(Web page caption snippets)
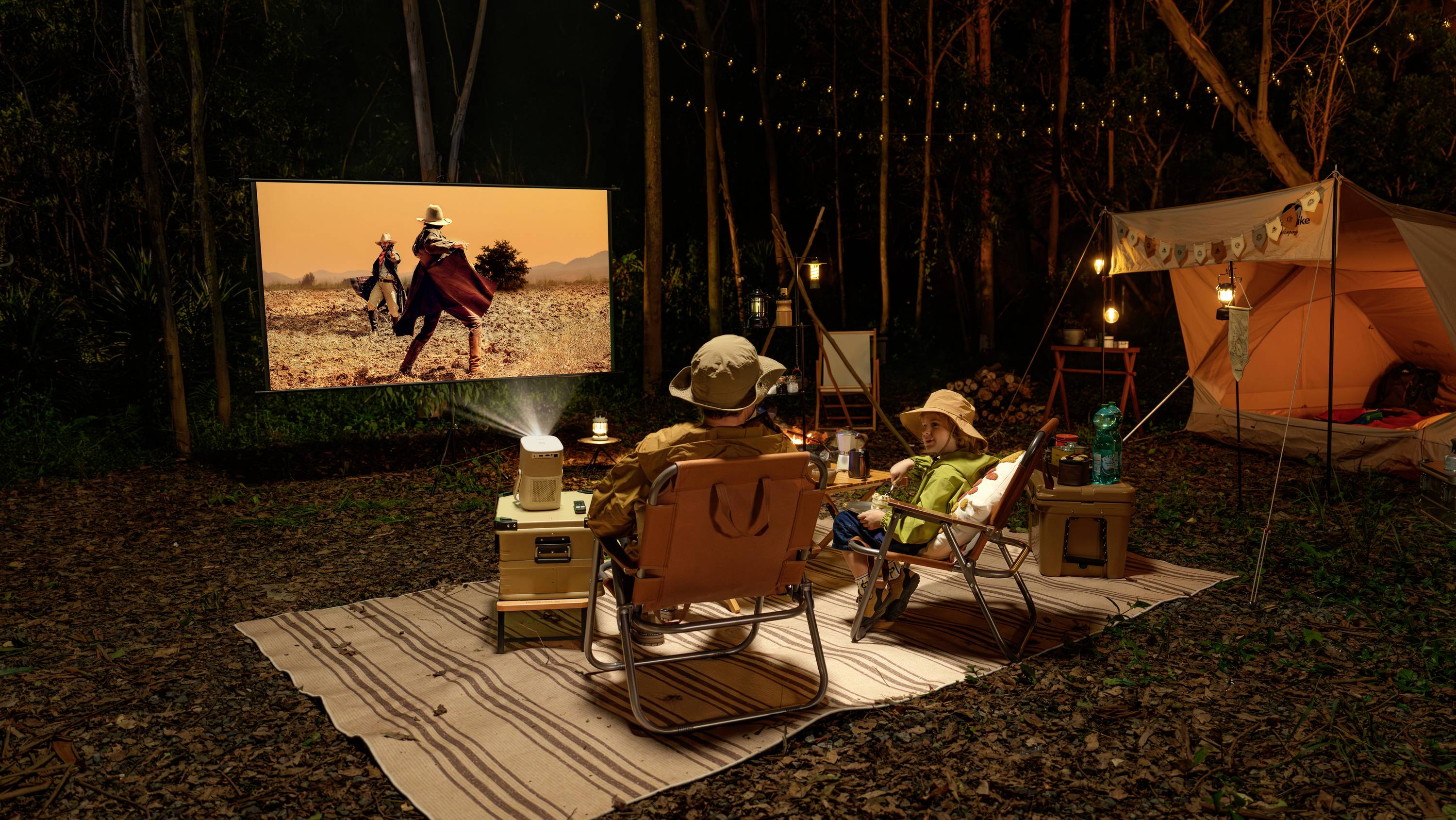 Two people are sitting on loungers in the woods in the evening, watching a film projected onto a screen by a projector.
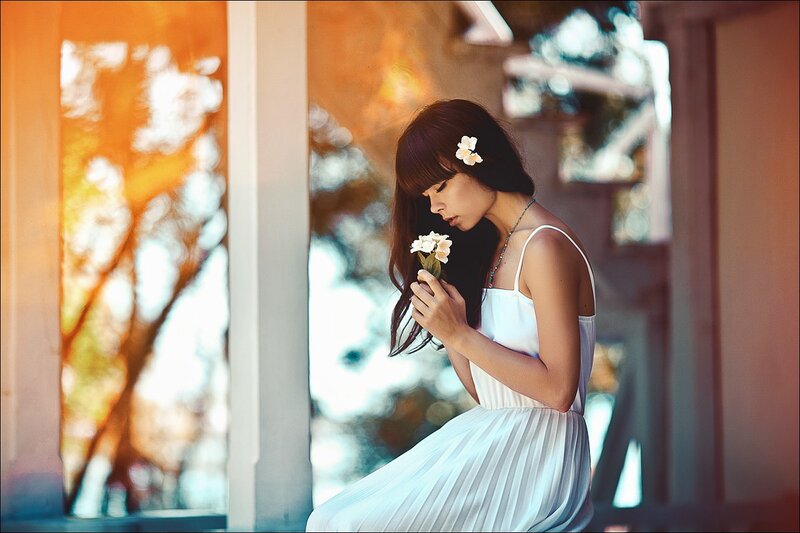 Woman Holding Flowers — White, Serene, Sunset, Photograph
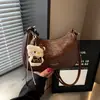 Bolso cruzado retro casual simple para debajo del brazo, nuevo bolso de mano para commuting otoño 2026, bolso versátil de hombro y cruzado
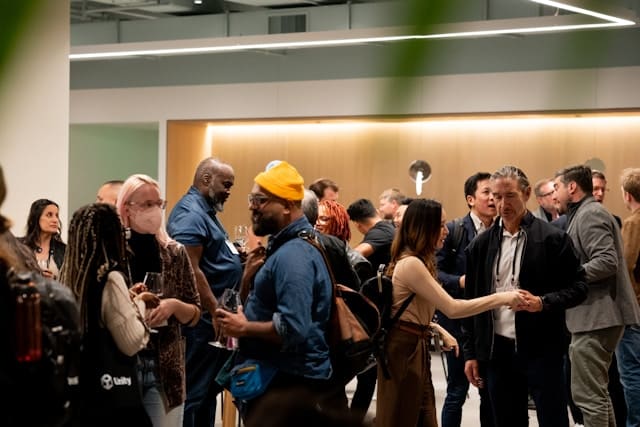 A diverse group of adults of different races and backgrounds mingling and conversing at an indoor gathering, representing the wide range of people and communities served by Center for Mindful Psychotherapy in the San Francisco Bay Area.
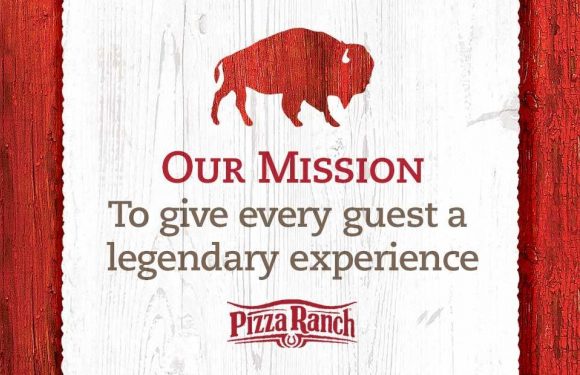 Red buffalo silhouette above the words "Our Mission" on a white wooden background, with the Pizza Ranch logo and the mission statement about providing a legendary experience.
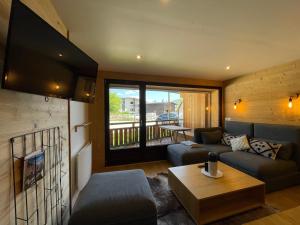 a living room with a couch and a table at Homency - Résidence La Meije 5 in L'Alpe-d'Huez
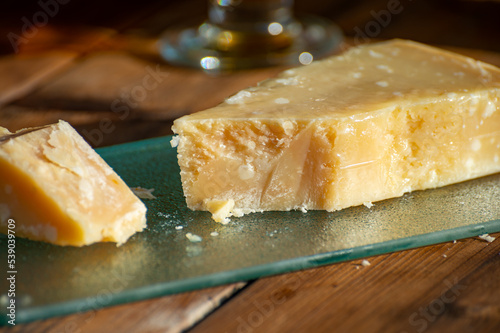 Italian cheese collection, piece of old parmigiano reggiano or parmesan cheese made from cow milk in Parma, Italy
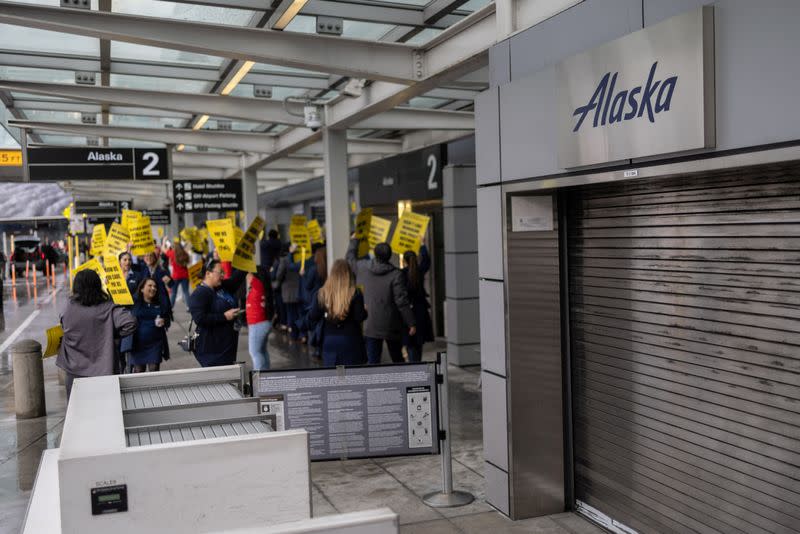FILE PHOTO: Alaska Airlines flight attendants protest at San Francisco airport to push for landmark changes in new contracts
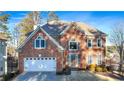 Two-story house with a brick exterior, white garage door, and manicured lawn at 2151 Lake Haven Way, Suwanee, GA 30024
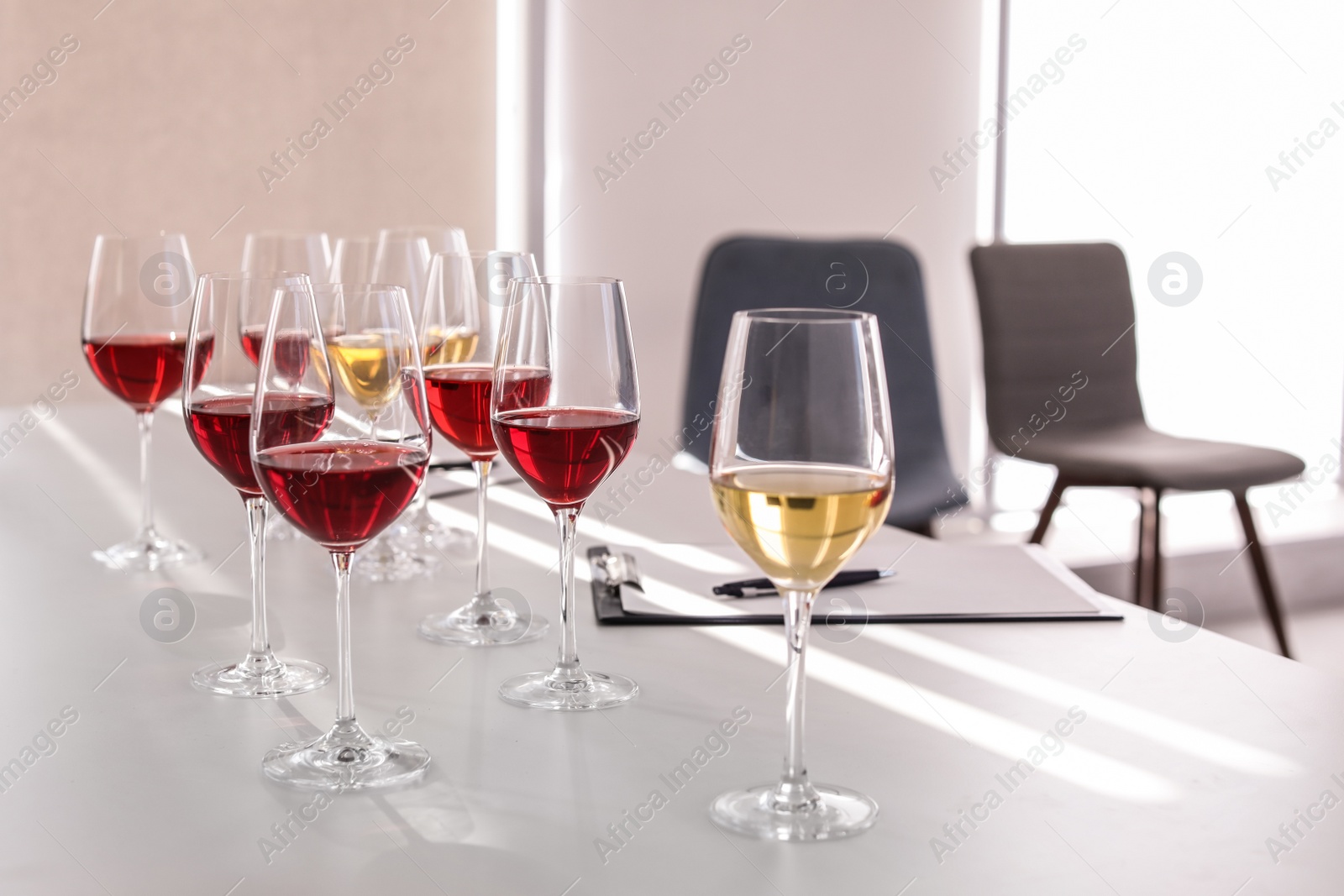 Photo of Glasses with delicious wine on table indoors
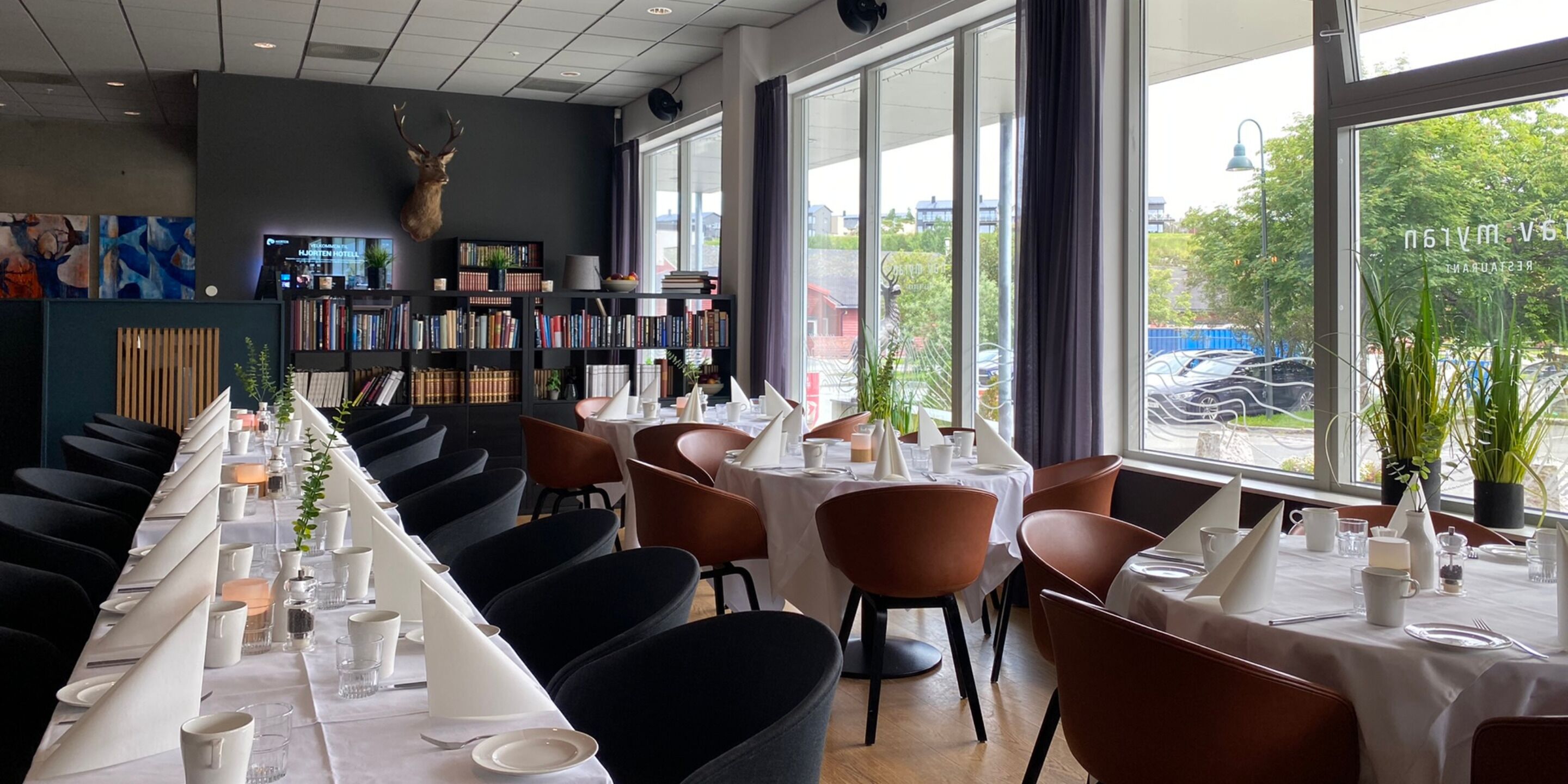 Un restaurante con una mesa larga dispuesta para comer, una estantería y un amplio ventanal con vistas al exterior.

Task instructions ▸
Could you set down the records above word for word, without any of the pictures?

Solution to this task ▸
 Two people are sitting on loungers in the woods in the evening, watching a film projected onto a screen by a projector.
 Woman Holding Flowers — White, Serene, Sunset, Photograph
 Bolso cruzado retro casual simple para debajo del brazo, nuevo bolso de mano para commuting otoño 2026, bolso versátil de hombro y cruzado
 A diverse group of adults of different races and backgrounds mingling and conversing at an indoor gathering, representing the wide range of people and communities served by Center for Mindful Psychotherapy in the San Francisco Bay Area.
 Red buffalo silhouette above the words "Our Mission" on a white wooden background, with the Pizza Ranch logo and the mission statement about providing a legendary experience.
 a living room with a couch and a table at Homency - Résidence La Meije 5 in L'Alpe-d'Huez
 Italian cheese collection, piece of old parmigiano reggiano or parmesan cheese made from cow milk in Parma, Italy
FILE PHOTO: Alaska Airlines flight attendants protest at San Francisco airport to push for landmark changes in new contracts
 Two-story house with a brick exterior, white garage door, and manicured lawn at 2151 Lake Haven Way, Suwanee, GA 30024
 Photo of Glasses with delicious wine on table indoors
 Un restaurante con una mesa larga dispuesta para comer, una estantería y un amplio ventanal con vistas al exterior.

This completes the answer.